UglifyJS internals, Compressor overview

I started delving into UglifyJS internals a couple of months ago. I wrote about the building blocks in the previous post. Compressor remains the most complicated module of the library.

It minimizes the number of nodes in the result AST. UglifyJS parses the input file and hands the result to Compressor, which creates the optimized AST. The Output module transforms that into a shorter code.

I will introduce different parts of the module below. While the code remains the single source of truth, you may learn about how Compressor plays with nodes. I will keep updating this post as I learn more about the library. You are welcome to send suggestions and improvements in the meantime.

Usage

Compressor depends only on AST_Node and its subtypes. You give it an instance of AST_TopLevel. It gives you back an optimized one.

To compress a node you write:

compressor = new Compressor(options)
compressedNode = compressor.compress(node)

UglifyJS compresses the code after it parses the input into an AST_TopLevel node and before it mangles the names. In the minification module, the minifier checks for the compress option then optimizes the parse result.

if (options.compress)
   toplevel = new Compressor(options.compress).compress(toplevel);

That is the only use of Compressor in UglifyJS. Even in the test harness, Compressor is considered a part of the minification. It has no tests of its own.

Overview

Compressor is a TreeTransformer, and thus a TreeWalker.

When we call Compressor.compress with an AST_TopLevel node, the Compressor resolves definitions in that scope and children scopes and sets up scope details for all nodes in the tree using AST_Scope.figure_out_scope. Then, it attempts to compress and recompress the tree a given number of times. It executes and re-executes the compression command until the code is compressed or the ceil of tries is reached. It stops when two successive compressions give the same number of nodes, or when the number of executions the number reaches the maximum number passes set by options.passes.

To compress a node, Compressor compresses the leaves, then their parents successively, until it reaches the root. Compressor is a TreeTransformer. It has a before method where it optimize the node and returns the result.

Options

Compressor has its set of options, which we inject into its constructor. They drive most decisions in the compression logic. The constructor accepts the options object and creates its proper options object that sets default values for undefined options. Inside the compression logic, it queries the options using its method Compressor.option(name).

For example:

// Treat parameters as collapsible in IIFE, i.e.
//   function(a, b){ ... }(x());
// would be translated into equivalent assignments:
//   var a = x(), b = undefined;
if (stat_index == 0 && compressor.option("unused")) extract_args();

The constructor of Compressor accepts two arguments. The options object and falseByDefault. The second argument is a boolean that, when truthy, tells the Compressor to act conservatively.
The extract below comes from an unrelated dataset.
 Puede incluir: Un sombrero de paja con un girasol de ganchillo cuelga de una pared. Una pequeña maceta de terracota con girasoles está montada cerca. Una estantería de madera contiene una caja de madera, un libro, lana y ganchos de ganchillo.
Not all options are used in the same shape in which they are received. The following options are mapped to different formats to simplify their consumption:

  • global_defs:

    Global definitions are received as an object. Compressor loops through this object and evaluates properties whose key starts with @. This option is used to resolve definitions in the top level node and to send a warning when a global definition is being mutated or redefined. This is done using AST_TopLevel.resolve_defines, which is called at the beginning of the compression.

  • keep_fargs:

    This option may either be "strict", true, or false. It tells Compressor whether to keep unused function arguments or to discard them. Compressor defines a predicate Compressor.drop_fargs that discards arguments when the value of keep_fargs is false, and keeps them when the value is true. If the value is “strict” however, the result of the predicate depends on the definition of the function and its parent node.

    Compressor.drop_fargs is called in AST_Scope.drop_unused at the end of the compression of a node, and in AST_Sub.optimize (AST_Sub in an index-style property access, i.e. a["foo"]) to see whether the optimization logic should define missing arguments for the function. The last is needed when drop_unused return true and the body of the function accesses arguments[index] where index is greater than the number of defined arguments.

  • top_retain:

    This is a list of toplevel functions and variables that Compressor should keep, even when unused. For so, it defines a predicate that given a definition, returns whether the definition can be removed or not.

  • pure_funcs:

    It contains the list of functions to be assumed pure. The Compressor defines a predicate Compressor.pure_funcs that, given an AST_Call, tells whether to assume that the call is pure or not. Compressor often tries to remove statements that have no side effects and that the code has no use of their result. AS it checks different node types for side effects, it uses Compressor.pure_funcs for calls.

Optimization

Compressor defines a method optimize for each AST_Node, which returns either an optimized AST_Node, the same node if there is nothing to optimize, or an AST_EmptyStatement if the node should be discarded. Compressor discards a node in many settings: when it is already empty, like an AST_Block with no statements, when an option asks for it, like an AST_Debugger node when options.drop_debugger is truthy, a redefined directive, a return; at the end of a function, …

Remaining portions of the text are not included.